**Data section:**
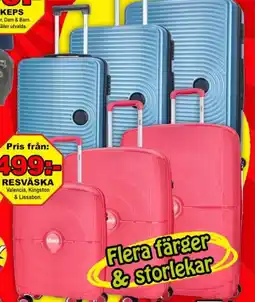 Mycket Mer Resväska erbjuda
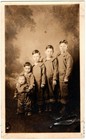 Decatur, IL Illinois 1920s RPPC Postcard, 5 Stairstep Boys — photo 1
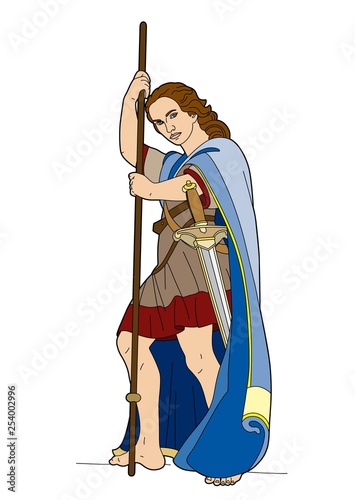 Mythical warrior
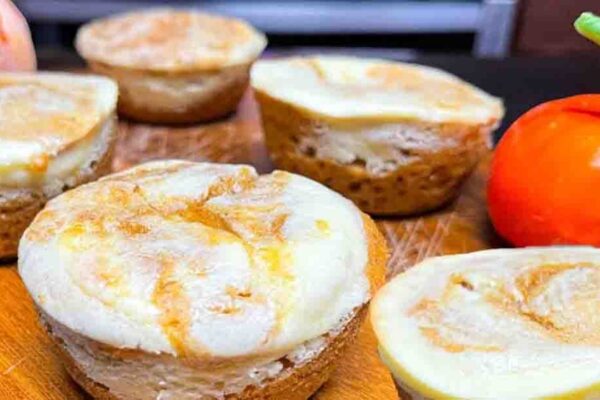 Pumpkin Cream Cheese Swirl Muffins, homemade and freshly served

**Try it:** Please transcribe the whole listing above exactly, with the images left out.

**Finished task:**
 Mycket Mer Resväska erbjuda
 Decatur, IL Illinois 1920s RPPC Postcard, 5 Stairstep Boys — photo 1
 Mythical warrior
 Pumpkin Cream Cheese Swirl Muffins, homemade and freshly served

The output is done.